Se hai creduto in Gesù Cristo, se Dio ti ha giustificato per fede, non sei più né uno straniero né un ospite, ma un concittadino dei Santi e un membro della famiglia di Dio, concetto sconosciuto nell’Antico Patto, ma dichiarato nel Nuovo perché Gesù è chiamato “il primogenito fra molti fratelli” (Romani 8.29): è la trasformazione operata dalla Grazia. Io che credo, tu che credi, sono e siamo fratelli di Gesù, cioè apparteniamo alla stessa famiglia e a Lui abbiamo la possibilità di rivolgerci per ogni cosa. “Concittadini dei santi”, cioè di quelli che popolano e popoleranno la “Santa città”, la Gerusalemme che ha da venire, quella nuova, e “membri della famiglia di Dio”, condizione possibile tramite il sublime, perfetto sacrificio del Figlio. Sono prospettive nuove per un peccatore che, se perdonato, ha trovato pace con Dio, cioè ha visto rimuovere la sua condizione di peccato che prima impediva un rapporto con Lui.

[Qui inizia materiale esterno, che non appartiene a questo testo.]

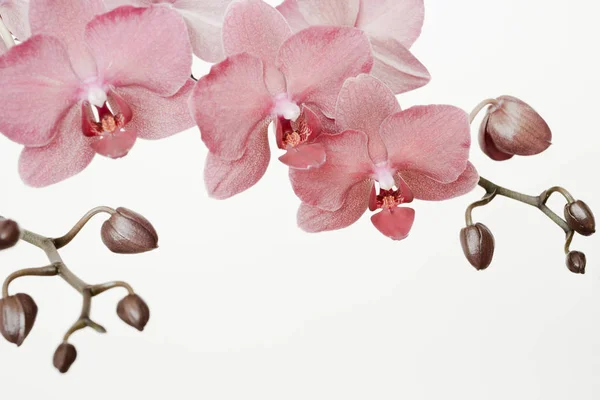 Branche de orquídea rosa empoeirada no fundo branco com espaço de cópia — Fotografia de Stock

A volte il cristiano può dimenticarsi di questa comunione che si è venuta a creare, se in essa non si nutre, se ad essa non pensa, se perde di vista la sua cittadinanza vera, se dimentica che, visto il verso che abbiamo letto, ha una carta di identità con su scritto il proprio nome e cognome che lo qualifica come individuo. Può accadere che ci si dimentichi di quanto siamo costati, la morte di quel “Figlio” che è morto e risorto per noi, di essere una persona, un individuo unico e irripetibile per il quale Cristo stesso ha dato la sua vita per salvarlo.

Il credente ha una identità e una dignità che gli altri, quelli che vivono il mondo e per il mondo, non hanno e non possono avere, è radicato su un fondamento che è quello che hanno posto gli apostoli e che ha Cristo come pietra angolare cioè quella che sostiene tutta la costruzione, il corpo, la Chiesa vera che gli apostoli hanno fondato a prezzo di sofferenze e fatiche; alcuni di loro hanno affrontato il martirio non tanto per essere di esempio, ma in quanto non potevano rinnegare quello che avevano ricevuto come elezione, mandato, salvezza, amore.

Poi c’è la promessa, “saranno saziati”: come? Questo avviene sia sulla terra, al presente, che in cielo, in futuro, per la caparra dello Spirito Santo che ci è stato dato, quello che ora attenua la fame e la sete e che in futuro sazierà pienamente. E vengono in mente le parole di Gesù alla donna samaritana: “Chiunque bene di quest’acqua avrà di nuovo sete, ma chi berrà dell’acqua che io gli darò, non avrà più sete in eterno”. Amen.